From Data Wrangling to Data Harmony

George Leopold
Screen Shot 2014-08-18 at 3.17.50 PM

More and better automation tools such as machine-learning technologies are needed to free data scientists from mundane “data-wrangling” chores. Those tools would allow scientists to focus on gleaning insights from prepared data, a range of experts told the New York Times in a recent survey of the state of big data.

The newspaper reported that data scientists spend from 50 percent to 80 percent of their time organizing data, or “data janitor work,” before they could begin sifting through it for nuggets. It also noted that a group of startups are developing automation software and other tools to help gather and organize unstructured data from increasingly diverse sources.

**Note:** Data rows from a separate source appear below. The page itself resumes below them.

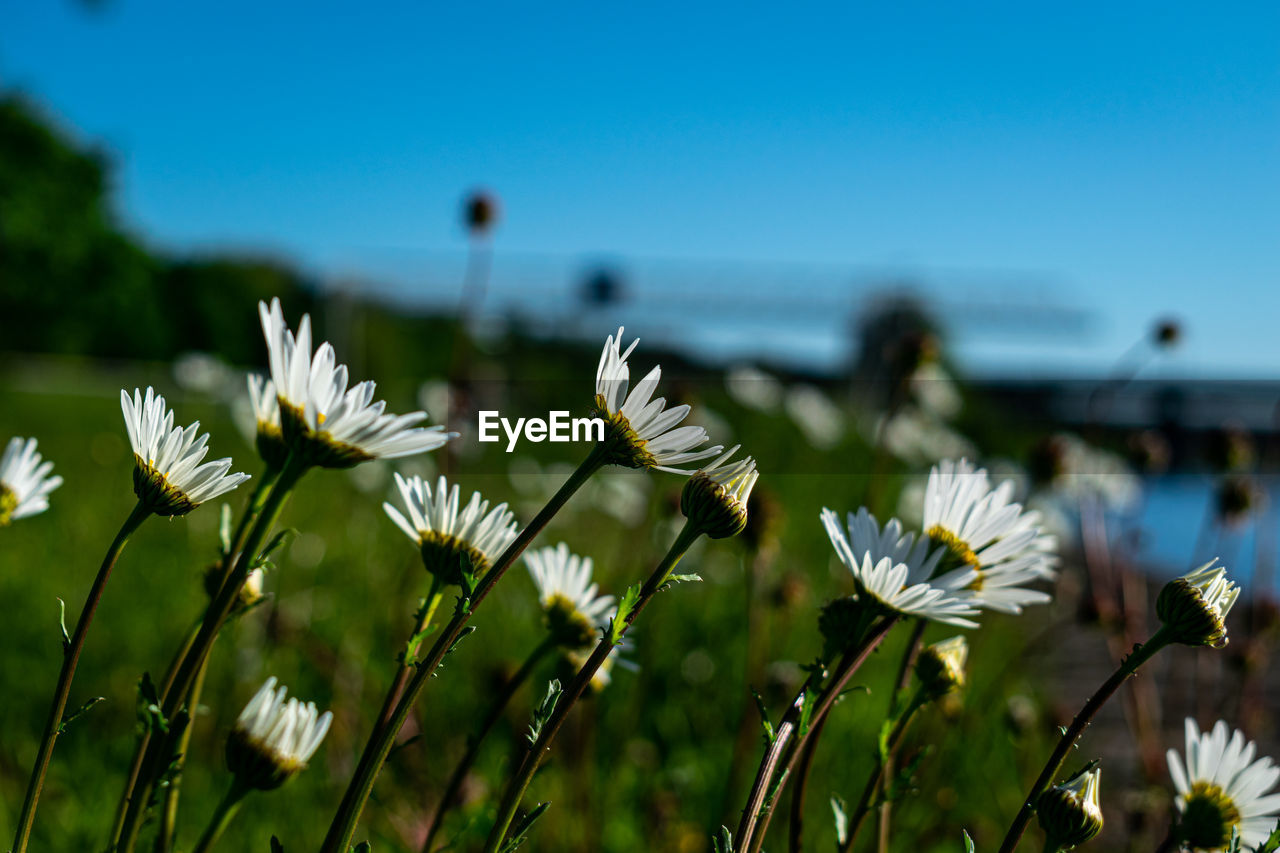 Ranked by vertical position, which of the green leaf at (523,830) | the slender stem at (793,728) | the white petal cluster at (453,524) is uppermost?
the white petal cluster at (453,524)

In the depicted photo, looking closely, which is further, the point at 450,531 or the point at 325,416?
the point at 450,531

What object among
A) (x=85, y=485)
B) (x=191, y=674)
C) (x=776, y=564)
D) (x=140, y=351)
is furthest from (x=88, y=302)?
(x=191, y=674)

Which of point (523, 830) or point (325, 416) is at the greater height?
point (325, 416)

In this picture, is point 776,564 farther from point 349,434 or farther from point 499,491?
point 349,434

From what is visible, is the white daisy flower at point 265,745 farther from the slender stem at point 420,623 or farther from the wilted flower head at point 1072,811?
the wilted flower head at point 1072,811

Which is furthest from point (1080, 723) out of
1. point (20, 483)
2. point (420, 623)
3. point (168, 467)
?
point (20, 483)

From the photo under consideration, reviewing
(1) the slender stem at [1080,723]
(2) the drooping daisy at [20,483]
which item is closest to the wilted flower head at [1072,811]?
(1) the slender stem at [1080,723]

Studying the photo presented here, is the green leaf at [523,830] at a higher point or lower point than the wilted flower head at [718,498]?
lower

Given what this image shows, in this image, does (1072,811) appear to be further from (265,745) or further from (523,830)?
(265,745)

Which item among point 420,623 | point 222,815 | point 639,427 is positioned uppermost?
point 639,427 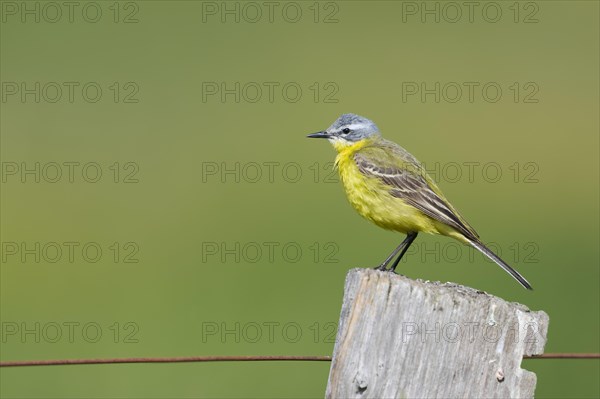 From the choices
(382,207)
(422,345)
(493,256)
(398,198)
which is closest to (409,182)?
(398,198)

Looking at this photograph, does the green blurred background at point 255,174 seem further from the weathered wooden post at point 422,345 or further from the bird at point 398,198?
the weathered wooden post at point 422,345

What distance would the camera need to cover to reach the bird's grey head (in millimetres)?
8539

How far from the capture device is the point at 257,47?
20.0 metres

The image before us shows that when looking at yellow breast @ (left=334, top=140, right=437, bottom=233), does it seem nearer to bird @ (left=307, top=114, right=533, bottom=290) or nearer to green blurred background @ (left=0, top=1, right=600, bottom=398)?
bird @ (left=307, top=114, right=533, bottom=290)

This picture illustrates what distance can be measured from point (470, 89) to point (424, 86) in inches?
32.0

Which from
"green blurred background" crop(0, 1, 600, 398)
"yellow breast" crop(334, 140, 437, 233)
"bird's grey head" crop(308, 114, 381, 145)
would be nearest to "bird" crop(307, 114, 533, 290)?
"yellow breast" crop(334, 140, 437, 233)

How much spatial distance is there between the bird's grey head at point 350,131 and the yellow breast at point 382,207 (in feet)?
2.29

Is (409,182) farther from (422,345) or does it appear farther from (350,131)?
(422,345)

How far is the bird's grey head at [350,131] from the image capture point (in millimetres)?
8539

“It’s an absolute myth that you can send an algorithm over raw data and have insights pop up,” Jeffrey Heer, a professor of computer science at the University of Washington and a co-founder of San Francisco-based data tools startup Trifacta, told the Times.

The data wrangling problem is growing as different types of unstructured data or data in varying formats are pouring in from sensors, online and from traditional databases. All these data must be cleaned up and organized before data analytics tools can be applied.

This is where automation tools come into play. The Times story cited the Silicon Valley startup, ClearStory Data, which has developed a tool for organizing data from a variety of sources, then presents the organized data in charts and graphs.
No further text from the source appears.